Na koniec. Co Gdańsk ma z tej imprezy?

„Zjechało około 300 blogerów z zasięgami, porobili zdjęć na fejsie, hipstergramie, potagowali się wzajemnie, hash sypał się gęsto. Jakieś tam zasięgi w Polskę poszły. Zostawili też trochę grosza na mieście. Wiem, że nie powinno się wizerunku przeliczać na złotówki, ale… wynajęcie klubu, hotel z czterema gwiazdkami, katering, after – poszły na to spore pieniądze! Pieniądze, za które można byłoby coś ogarnąć dla mieszkańców Gdańska. (Artur Roguski)

Włączyłam się w dyskusję na blogu Artura, ale powtórzę się też tutaj. Blog Forum Gdańsk jest imprezą, z której miasto Gdańsk nic nie ma. Nic, co byłoby dotykalne, na czym można byłoby usiąść, pomacać. Ale blogerska konferencja, jedyna w swoim rodzaju, jest jednym z licznych elementów skomplikowanej układanki, jakim jest wizerunek miasta. Jakim jest poczucie mieszkańców i gości, że się jest w mieście nowoczesnym, ale z tradycjami, w mieście otwartym dla wszystkich, ale zauważającym potrzeby poszczególnych grup. Tego się nie przelicza na pieniądze, długotrwałe działania, aktywizujące i integrujące społeczności (nawet wąskie, takie jak blogerzy) przynoszą korzyści na innych polach. Np. na tym, że o Gdańsku mówi się dobrze. Że inni widzą Gdańsk jako miejsce interesujące, otwarte na ciekawe pomysły, nie bojące nowości. Że może to być podmiot, z którym warto rozmawiać, dyskutować, być może robić interesy. Nie osiągnie się tego kilkoma zdjęciami na instagramie, zrobionymi przez blogerów na BFG. Ale konsekwentnym długotrwałym i spójnym działaniem – jak najbardziej.
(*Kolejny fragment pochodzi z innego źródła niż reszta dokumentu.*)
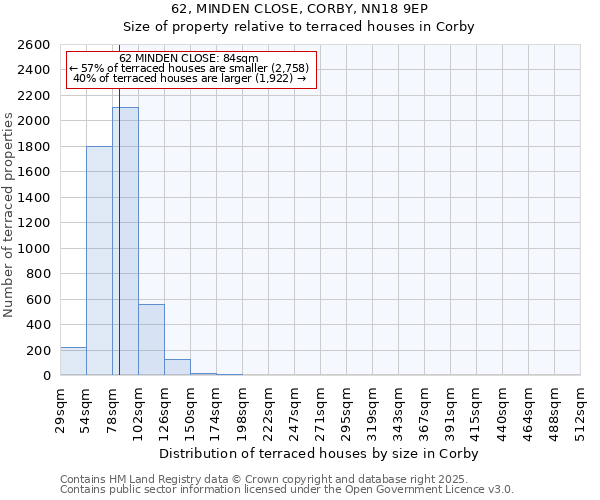 62, MINDEN CLOSE, CORBY, NN18 9EP: Size of property relative to terraced houses houses in Corby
Nie pieniądz jest wartością, tylko człowiek. Ludzie, mieszkańcy, przyjezdni, wyjezdni. Ich wspomnienia, rozmowy, inspiracje, pomysły. Hej Gdańsku, pamiętam cię 10 lat temu, kiedy czułam się tu obco i dziwnie. I wiem, że razem się rozwijamy, dorastamy, uczymy się. Jesteś super, tak trzymaj!